Look through the entries below and copy exactly the part that begins with the line containing "Creative Waves. Futuristic" and ends with the line containing "Washington überquert den". Do not copy the pictures.

- _MATERIAL SUPPLIED_
+++++

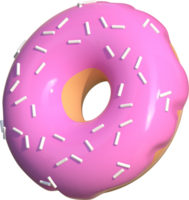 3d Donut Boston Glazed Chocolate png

+++++

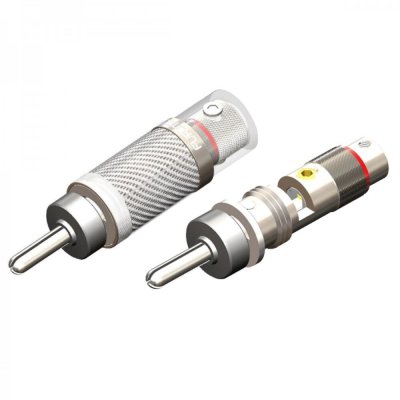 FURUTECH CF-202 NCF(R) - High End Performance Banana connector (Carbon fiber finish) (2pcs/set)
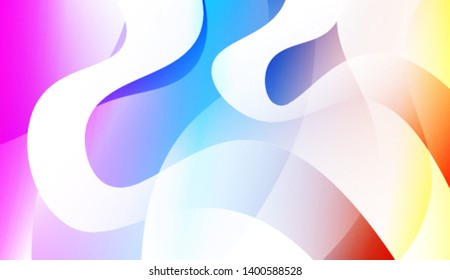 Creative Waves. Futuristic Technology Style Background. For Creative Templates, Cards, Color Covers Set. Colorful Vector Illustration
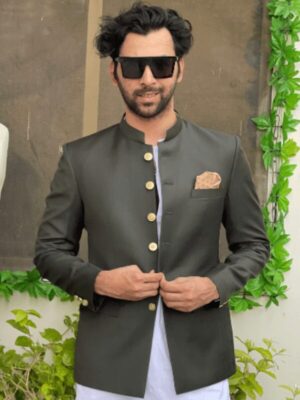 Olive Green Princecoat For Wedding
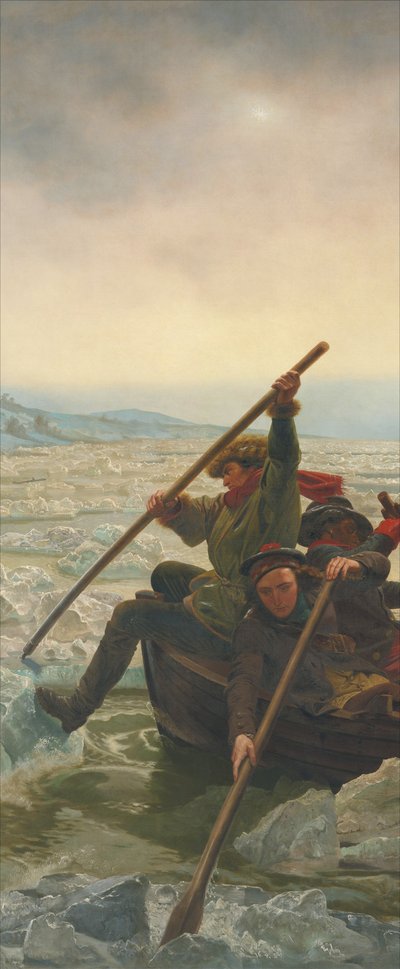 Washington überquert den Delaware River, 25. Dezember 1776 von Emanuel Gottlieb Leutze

+++++

- _ANSWER SPACE_
 Creative Waves. Futuristic Technology Style Background. For Creative Templates, Cards, Color Covers Set. Colorful Vector Illustration
 Olive Green Princecoat For Wedding
 Washington überquert den Delaware River, 25. Dezember 1776 von Emanuel Gottlieb Leutze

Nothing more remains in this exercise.